Konuşmasının devamında Yavuz, Kısa ve dar kapsamlı çalışmada ilk önemli keşfimiz Hadrianus dönemine ait olduğu. Sur duvarının doğu kısmında bir hendek duvarı söz konusu. Kısmen tahrip olmuş çok yapılaşma geçirmiş. Hadrianus dönenime tarihlendirdiğimiz su yapısından haberimiz yok. Bu Trabzon için önemli bir keşif. Trabzon’un tarihi için yeni bir bulgu. Bundan sonraki çalışmaları devam ettiği taktirde yeni bulgulara ulaşmak mümkün. Şuana kadar Trabzon’un tarihsel olarak 4-5 bin yıllık gibi bir tarihi geçmişinden söz ediliyor ama ortada o döneme ait somut bir takım şeyler yok gibiydi. Bu çalışma ortaya çıkan eserler en azından Roma döneminde burada iyi bir imar ve iskan faaliyetinin yapıldığını yani İmparatorluk anlayışı ile yapıldığını İmparatorluğunun diğer bölgelerdeki anlayışı ile buradaki çok fazla fark olmadığını gördük. şeklinde konuştu.

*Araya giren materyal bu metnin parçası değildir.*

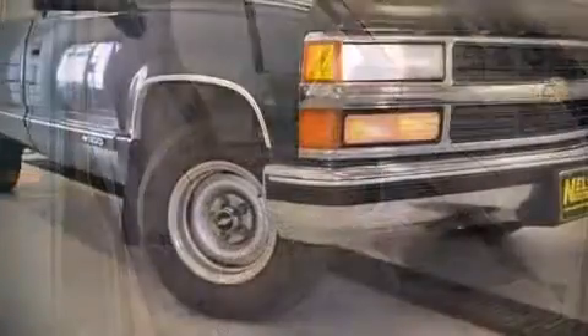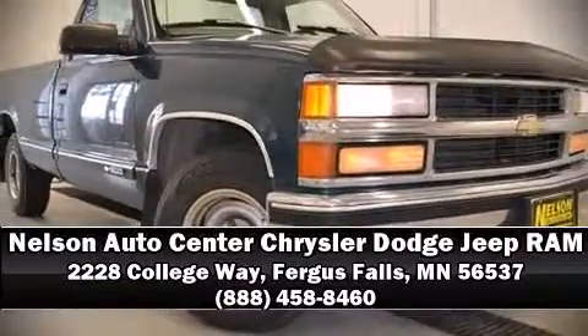Our team is professional and we offer a no-pressure environment. We are here to help you.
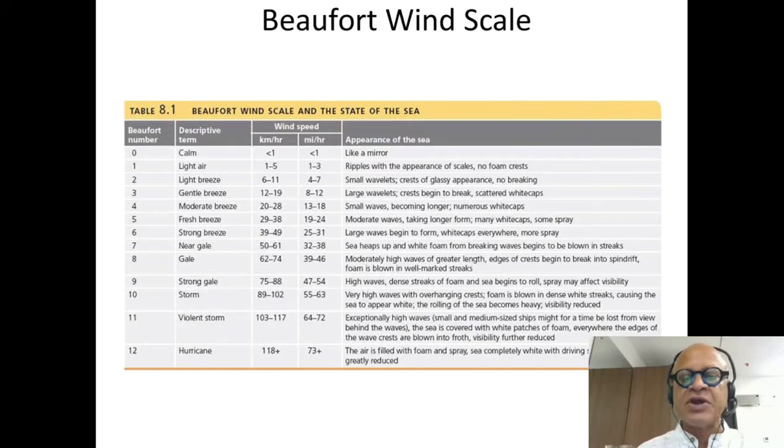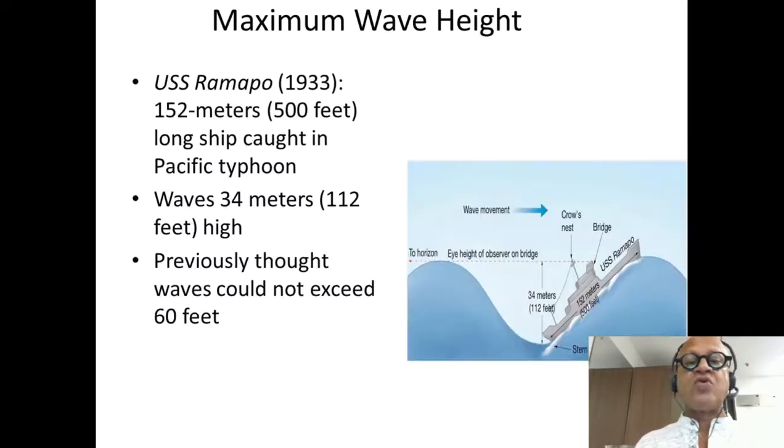Obviously, when you reach the hurricane, the air is filled with foam and spray, the sea is completely white with driving spray, and visibility is greatly reduced. You've seen these special effects in movies — go watch favorites like Poseidon or The Perfect Storm. So what is the maximum wave height?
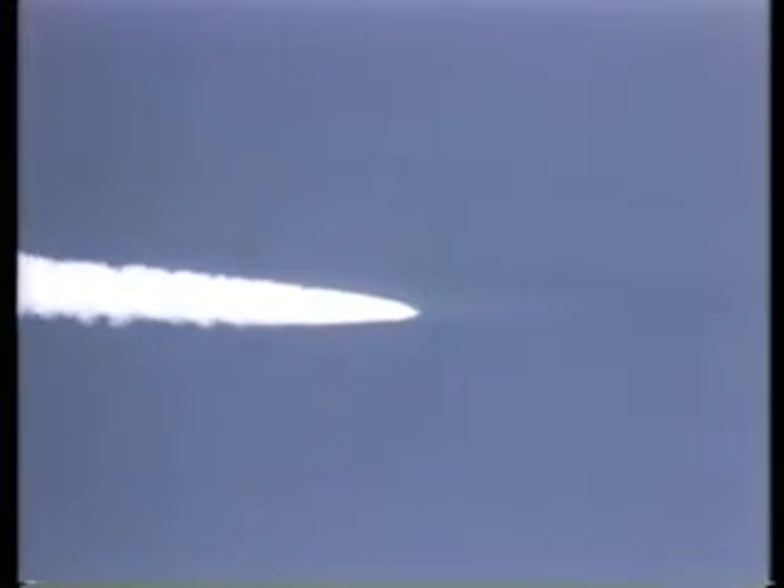One minute 45 seconds — Columbia now coming to the last traces of the Earth's atmosphere. Columbia now 19 nautical miles in altitude, 18 nautical miles down range.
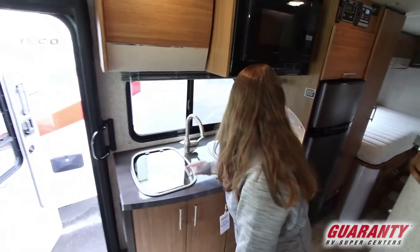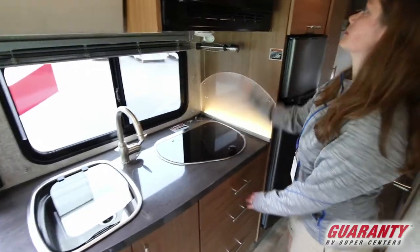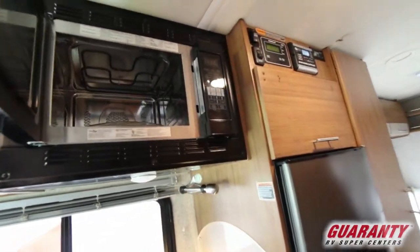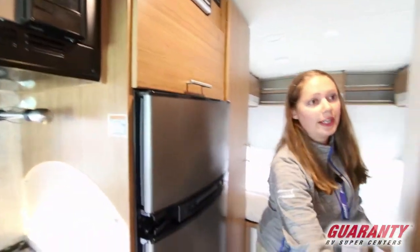Stainless steel sink. You've got a two-burner stove, and of course your microwave — this is going to be a convection microwave oven. And your RV fridge.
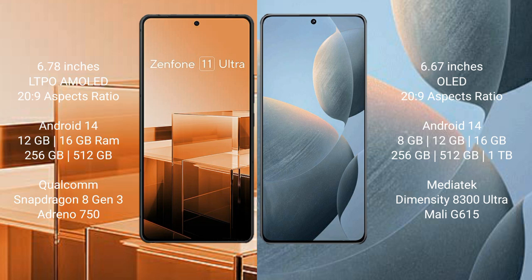Redmi KS70E comes with 8GB, 12GB, 16GB, 256GB, 512GB, and 1TB internal storage options, and is powered by the MediaTek Dimensity 8300 Ultra processor.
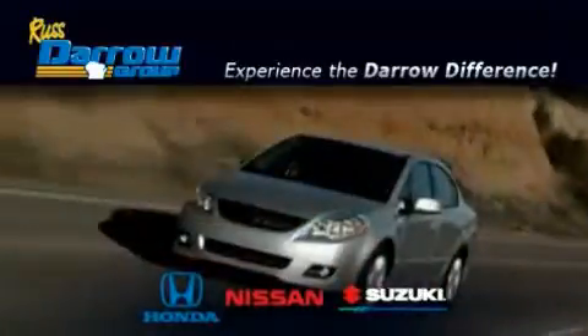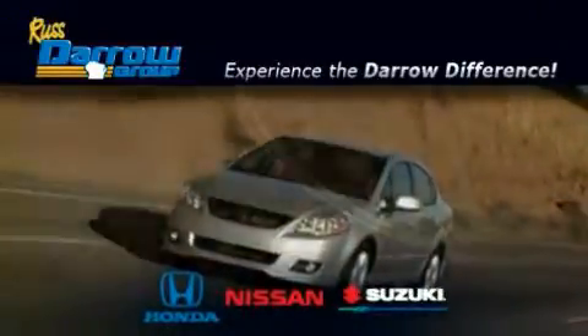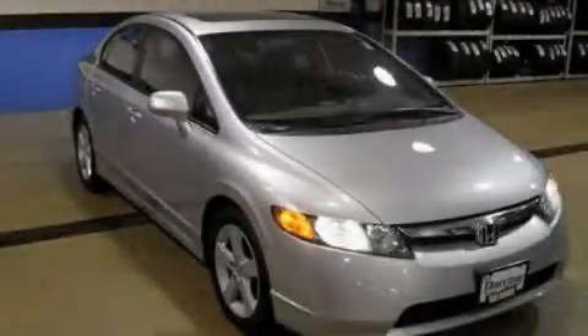Another fine vehicle offered by Rust-Aero Honda Nissan Suzuki. This is a 2006 Honda Civic.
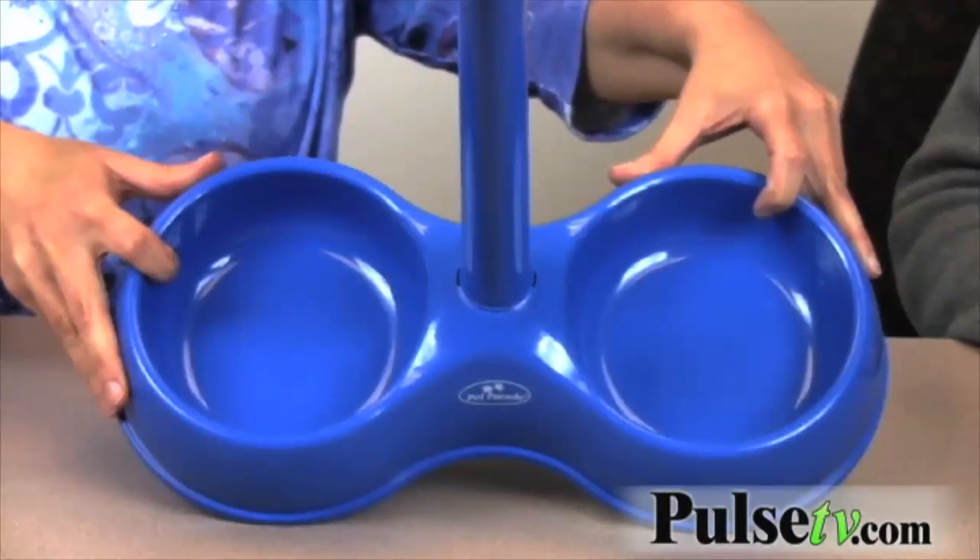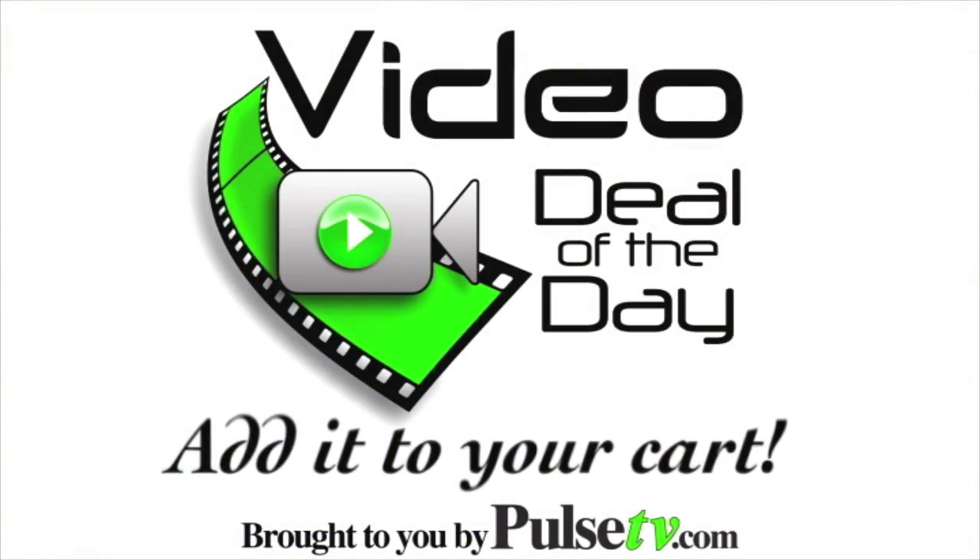The bowls are a little bit smaller — it's a six inch diameter each one. So if you have a Great Dane or a real big dog, that's not going to be great for it. But it's great for cats and medium to smaller size dogs. Put your water and your food and you're ready to go. Head on over to Pulse TV and add it to your cart today.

Mimari teknik açıdan uygulanan yöntem açısından aynı özellikleri gösterdiğini açıklayan Yavuz, Bu çalışmalar genişletilirse belki bir kurtarma veya sistematik kazıya dönüştürülse alanında tamamına bakıldığında hem güney hem de kuzey istikametinde daha farklı ve zengin bulgulara ulaşılabileceği muhtemeldir” ifadelerini kullandı.